Exact copy, no pictures: repeat the data that follows.

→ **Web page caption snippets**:
=== Begin Enclosure ===

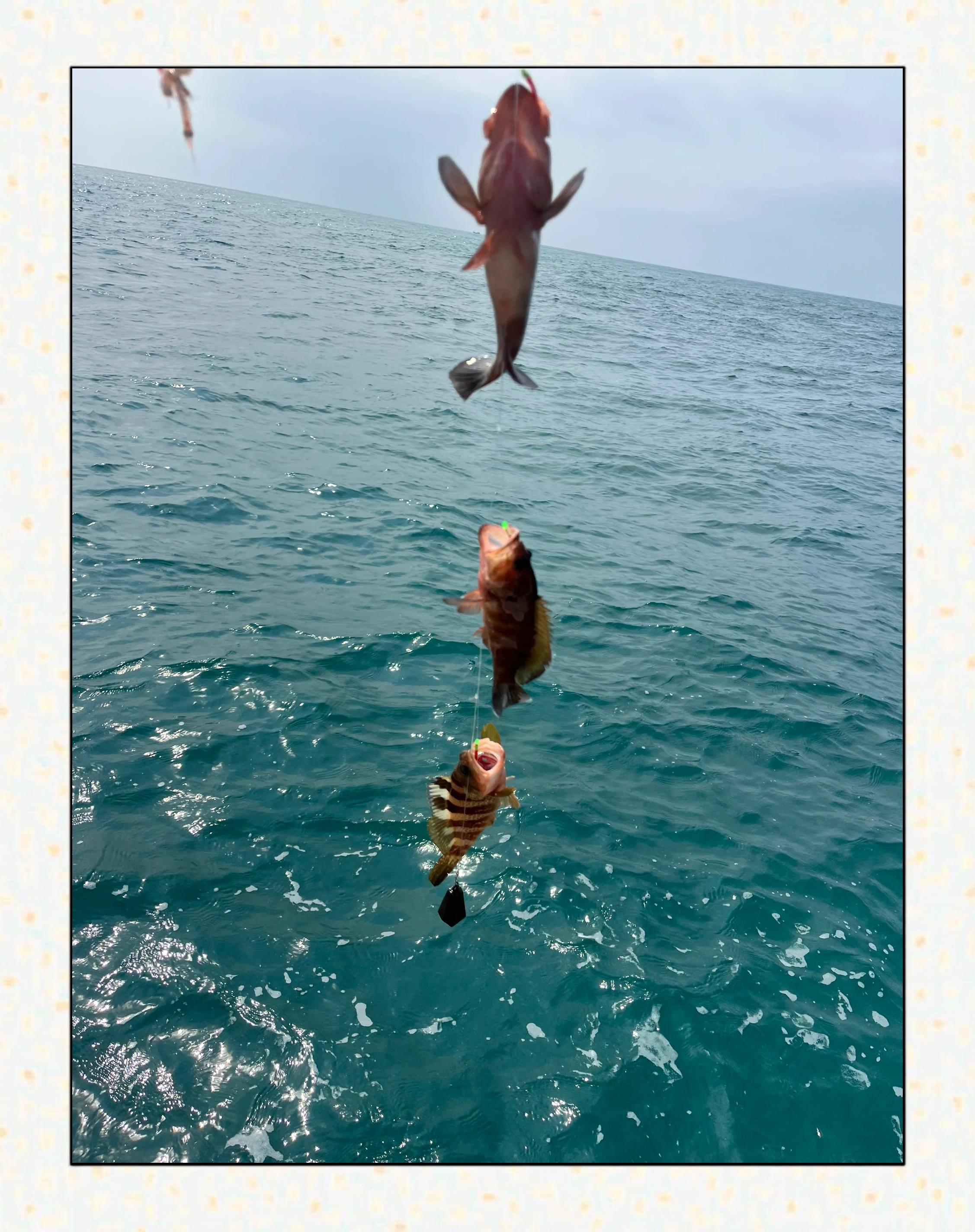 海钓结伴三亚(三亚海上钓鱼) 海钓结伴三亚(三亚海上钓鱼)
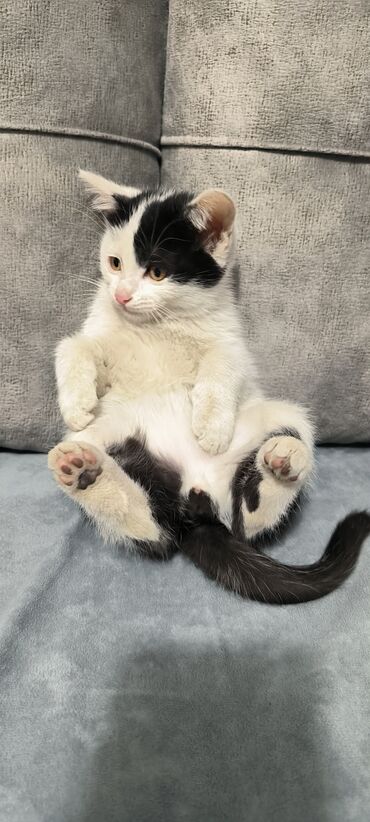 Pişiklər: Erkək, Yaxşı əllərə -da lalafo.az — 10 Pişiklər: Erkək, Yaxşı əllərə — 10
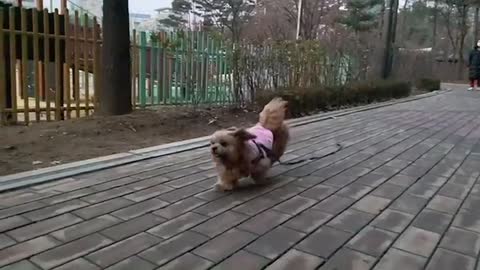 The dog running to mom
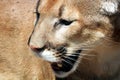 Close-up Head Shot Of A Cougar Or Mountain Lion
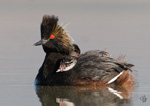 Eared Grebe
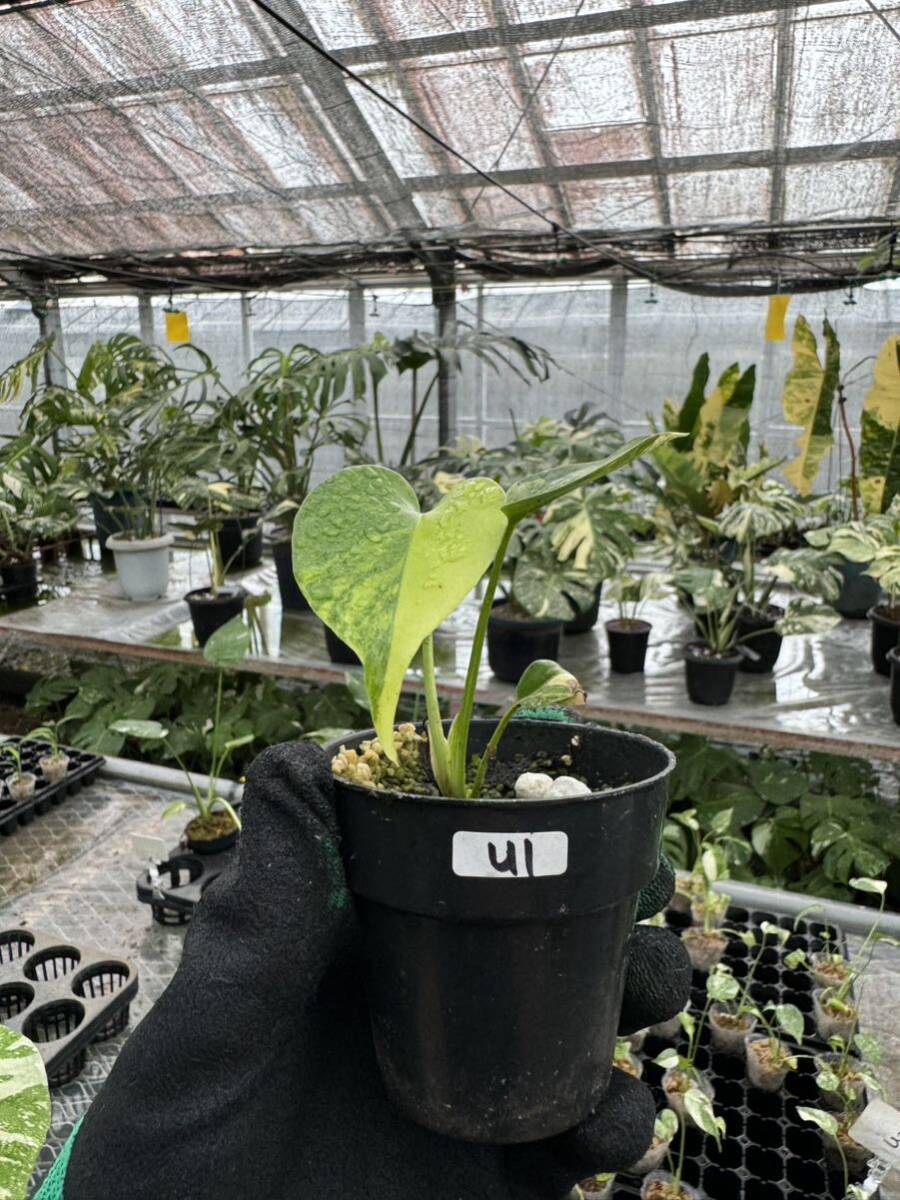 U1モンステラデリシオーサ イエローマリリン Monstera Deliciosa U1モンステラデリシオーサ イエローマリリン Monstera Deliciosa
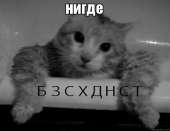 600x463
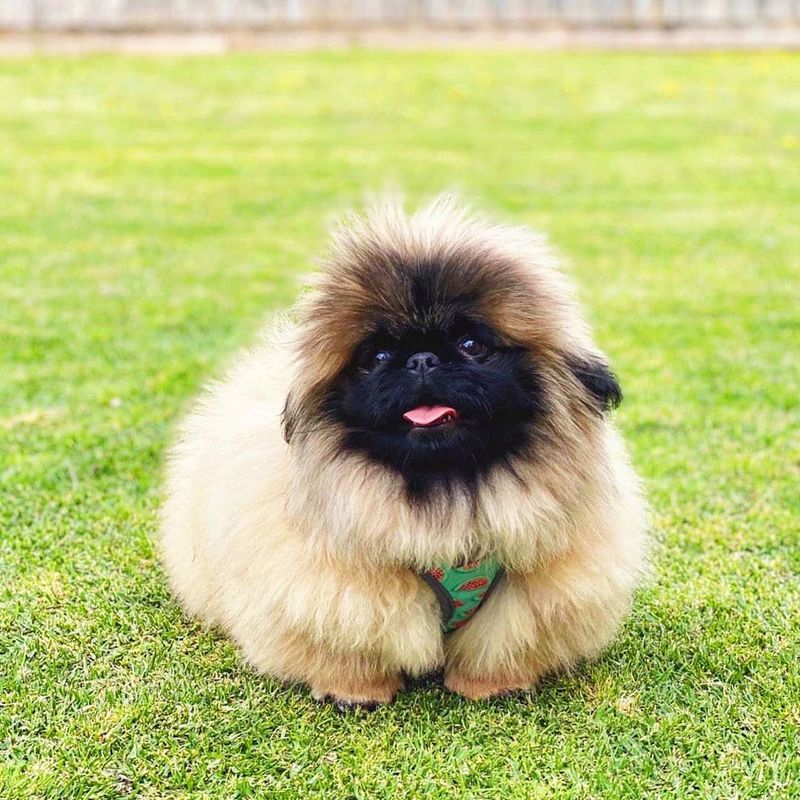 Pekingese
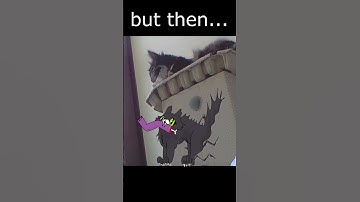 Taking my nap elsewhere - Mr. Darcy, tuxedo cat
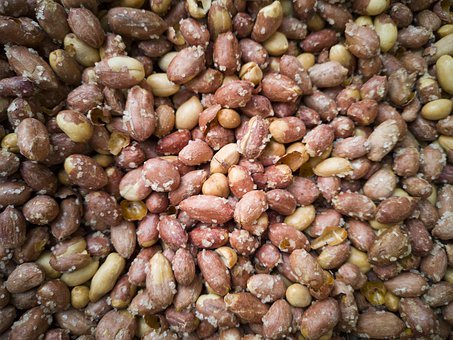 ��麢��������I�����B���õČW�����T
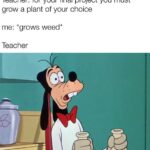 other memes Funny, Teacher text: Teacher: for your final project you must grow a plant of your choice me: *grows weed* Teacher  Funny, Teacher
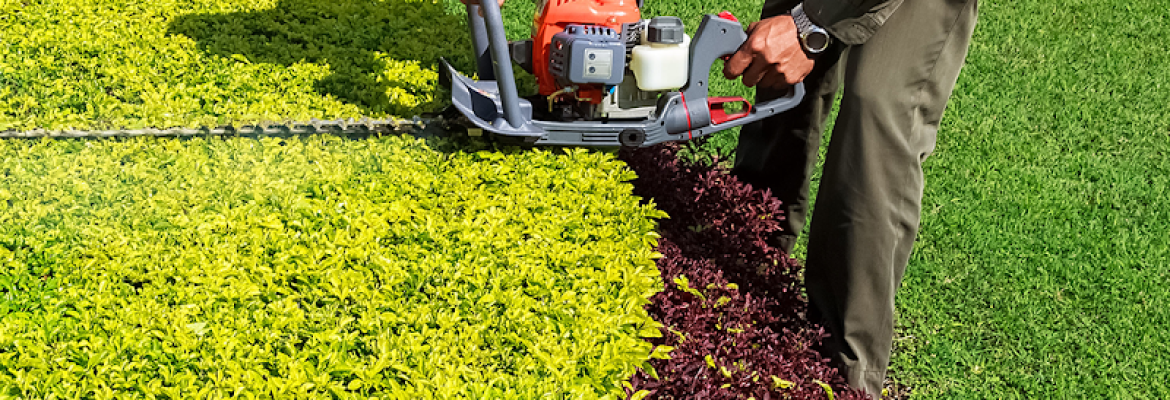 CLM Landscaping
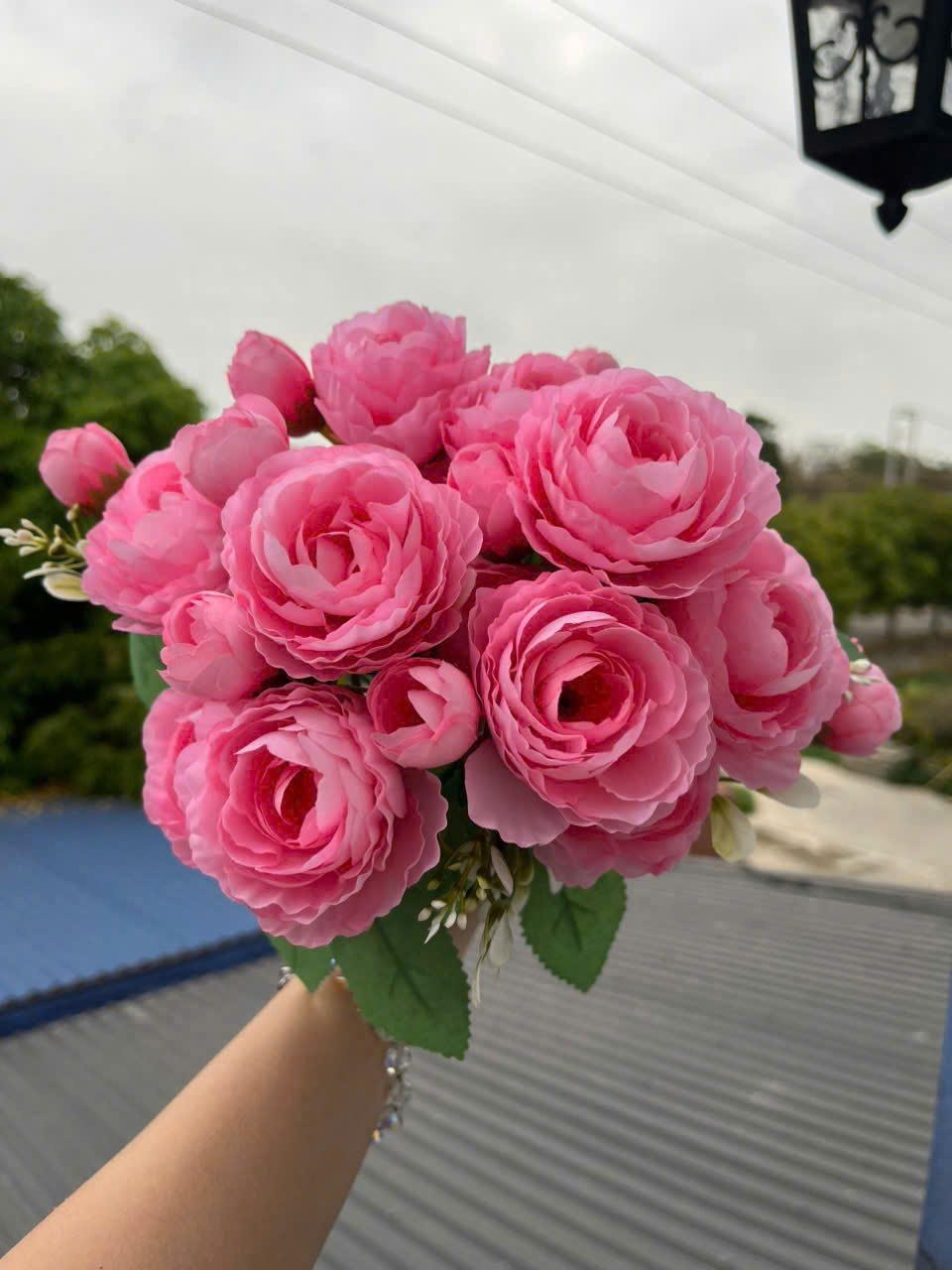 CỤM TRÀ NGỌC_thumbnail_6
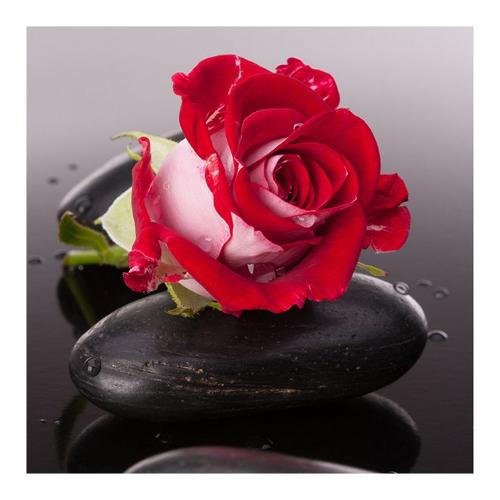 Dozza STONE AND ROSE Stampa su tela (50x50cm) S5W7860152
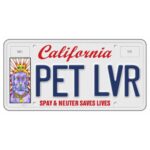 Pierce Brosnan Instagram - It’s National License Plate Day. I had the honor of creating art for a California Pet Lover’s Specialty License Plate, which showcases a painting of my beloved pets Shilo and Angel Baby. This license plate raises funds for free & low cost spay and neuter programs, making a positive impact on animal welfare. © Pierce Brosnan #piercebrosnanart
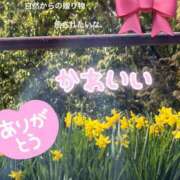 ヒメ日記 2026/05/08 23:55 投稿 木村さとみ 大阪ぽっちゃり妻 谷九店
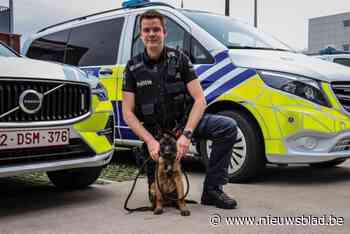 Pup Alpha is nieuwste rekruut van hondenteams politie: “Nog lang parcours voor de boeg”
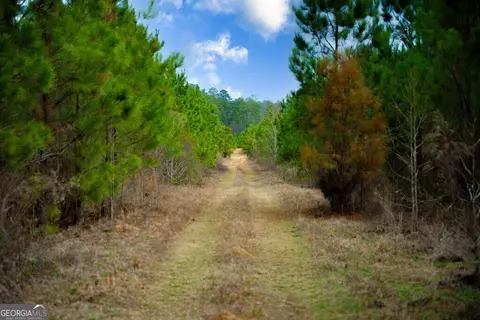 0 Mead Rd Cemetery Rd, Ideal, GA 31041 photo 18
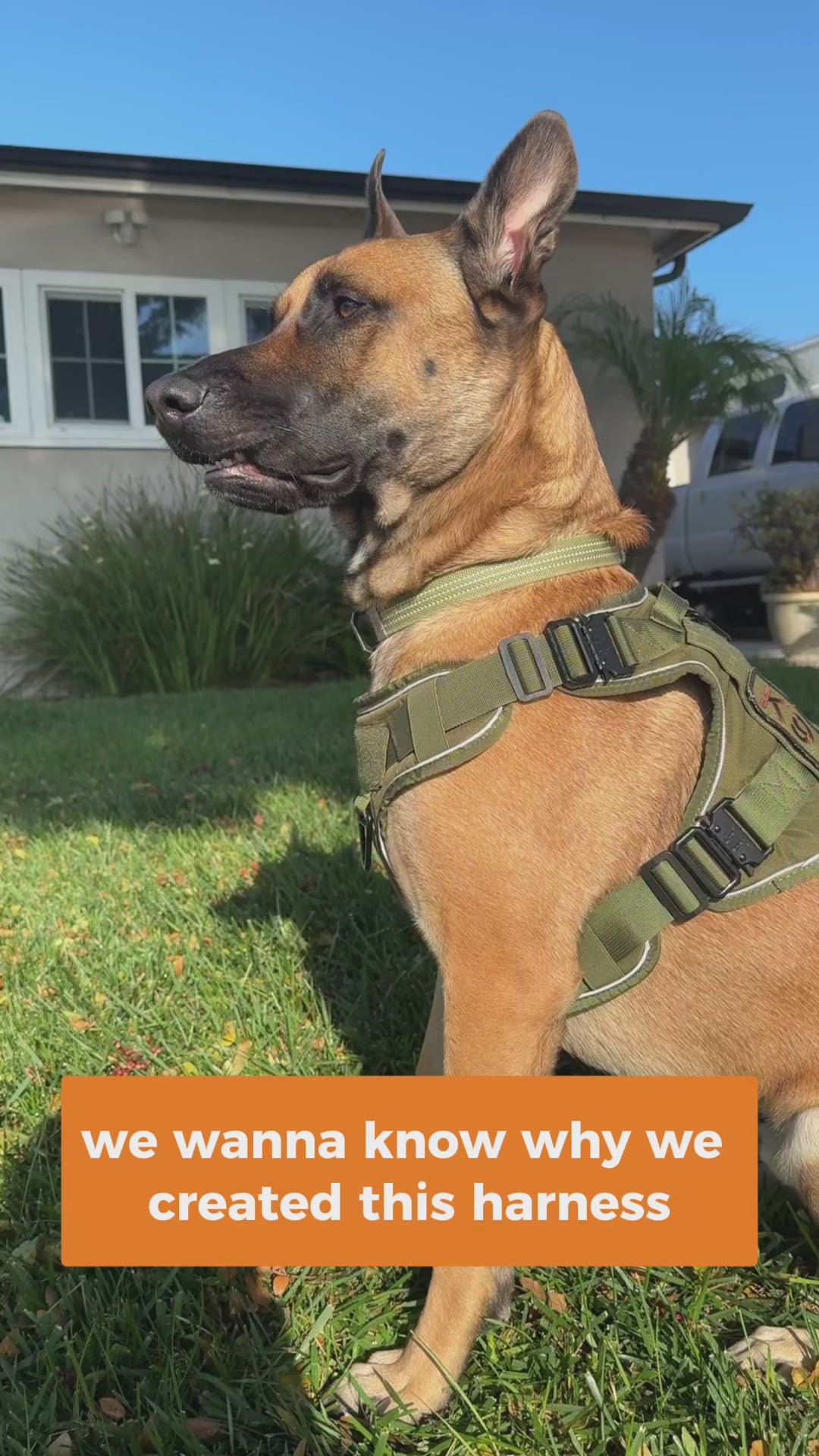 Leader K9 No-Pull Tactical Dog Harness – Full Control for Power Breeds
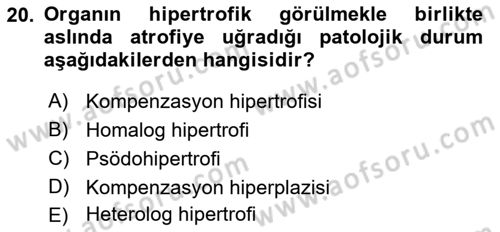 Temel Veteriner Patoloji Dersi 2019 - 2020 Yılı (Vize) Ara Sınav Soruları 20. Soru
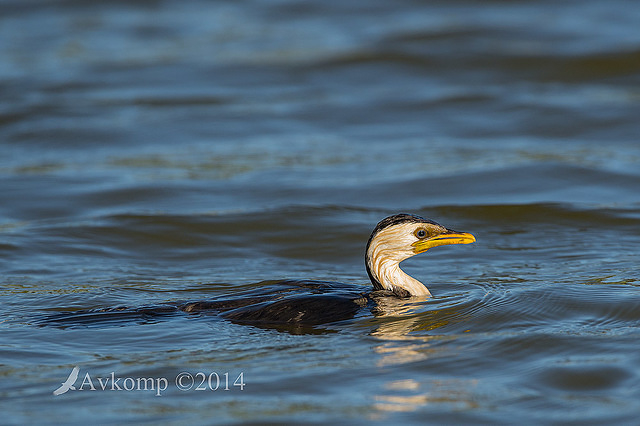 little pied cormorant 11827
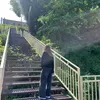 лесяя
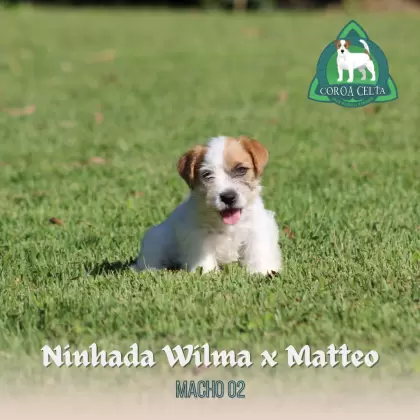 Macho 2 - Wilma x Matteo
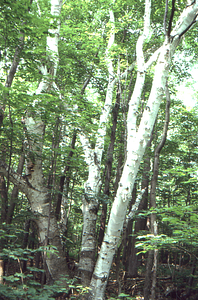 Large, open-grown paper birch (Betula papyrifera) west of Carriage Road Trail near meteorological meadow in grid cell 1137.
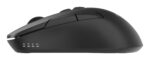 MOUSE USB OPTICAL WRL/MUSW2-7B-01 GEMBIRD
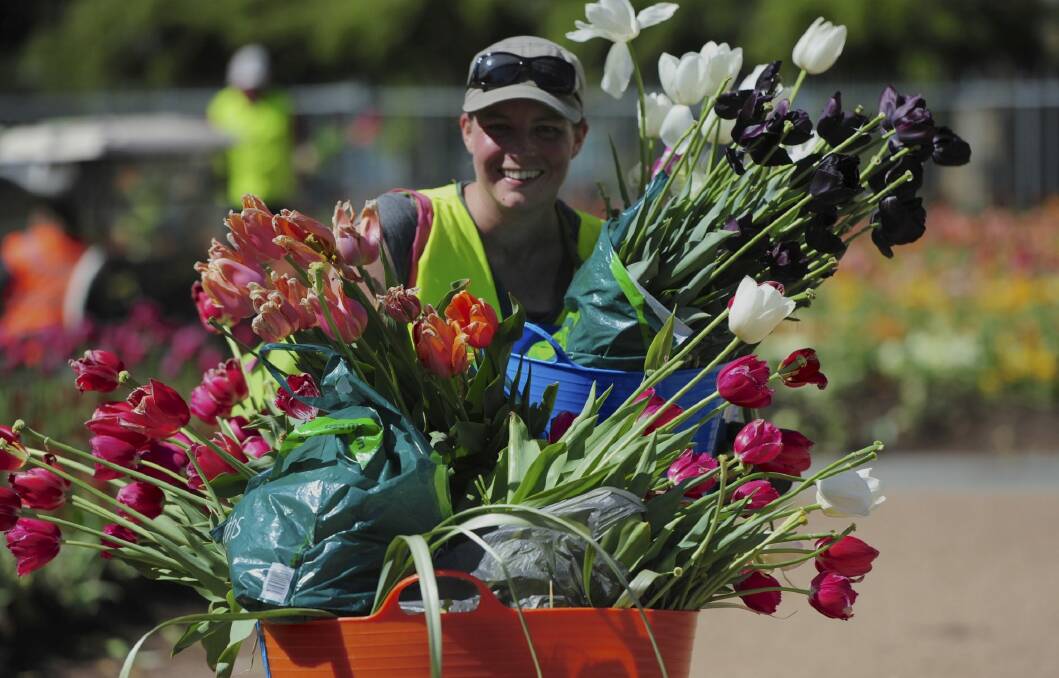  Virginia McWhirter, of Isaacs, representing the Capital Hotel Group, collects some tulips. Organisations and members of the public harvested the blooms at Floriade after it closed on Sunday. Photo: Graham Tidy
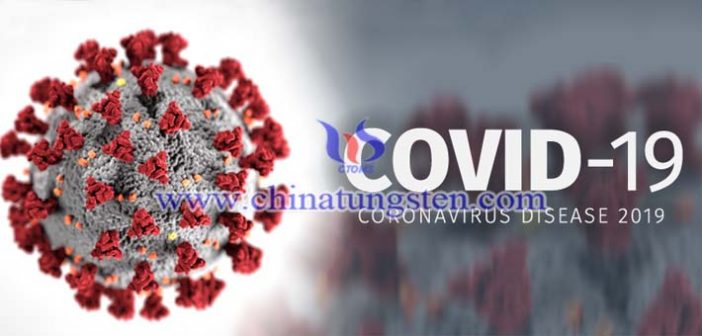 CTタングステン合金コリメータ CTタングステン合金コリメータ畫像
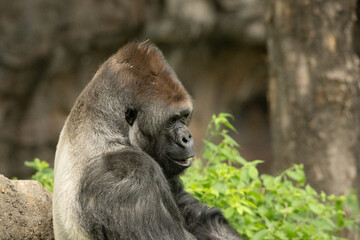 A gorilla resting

=== End Enclosure ===

→ **Output for this exercise**:
 海钓结伴三亚(三亚海上钓鱼) 海钓结伴三亚(三亚海上钓鱼)
 Pişiklər: Erkək, Yaxşı əllərə -da lalafo.az — 10 Pişiklər: Erkək, Yaxşı əllərə — 10
 The dog running to mom
 Close-up Head Shot Of A Cougar Or Mountain Lion
 Eared Grebe
 U1モンステラデリシオーサ イエローマリリン Monstera Deliciosa U1モンステラデリシオーサ イエローマリリン Monstera Deliciosa
 600x463
 Pekingese
 Taking my nap elsewhere - Mr. Darcy, tuxedo cat
 ��麢��������I�����B���õČW�����T
 other memes Funny, Teacher text: Teacher: for your final project you must grow a plant of your choice me: *grows weed* Teacher  Funny, Teacher
 CLM Landscaping
 CỤM TRÀ NGỌC_thumbnail_6
 Dozza STONE AND ROSE Stampa su tela (50x50cm) S5W7860152
 Pierce Brosnan Instagram - It’s National License Plate Day. I had the honor of creating art for a California Pet Lover’s Specialty License Plate, which showcases a painting of my beloved pets Shilo and Angel Baby. This license plate raises funds for free & low cost spay and neuter programs, making a positive impact on animal welfare. © Pierce Brosnan #piercebrosnanart
 ヒメ日記 2026/05/08 23:55 投稿 木村さとみ 大阪ぽっちゃり妻 谷九店
 Pup Alpha is nieuwste rekruut van hondenteams politie: “Nog lang parcours voor de boeg”
 0 Mead Rd Cemetery Rd, Ideal, GA 31041 photo 18
 Leader K9 No-Pull Tactical Dog Harness – Full Control for Power Breeds
 Temel Veteriner Patoloji Dersi 2019 - 2020 Yılı (Vize) Ara Sınav Soruları 20. Soru
 little pied cormorant 11827
 лесяя
 Macho 2 - Wilma x Matteo
 Large, open-grown paper birch (Betula papyrifera) west of Carriage Road Trail near meteorological meadow in grid cell 1137.
 MOUSE USB OPTICAL WRL/MUSW2-7B-01 GEMBIRD
  Virginia McWhirter, of Isaacs, representing the Capital Hotel Group, collects some tulips. Organisations and members of the public harvested the blooms at Floriade after it closed on Sunday. Photo: Graham Tidy
 CTタングステン合金コリメータ CTタングステン合金コリメータ畫像
 A gorilla resting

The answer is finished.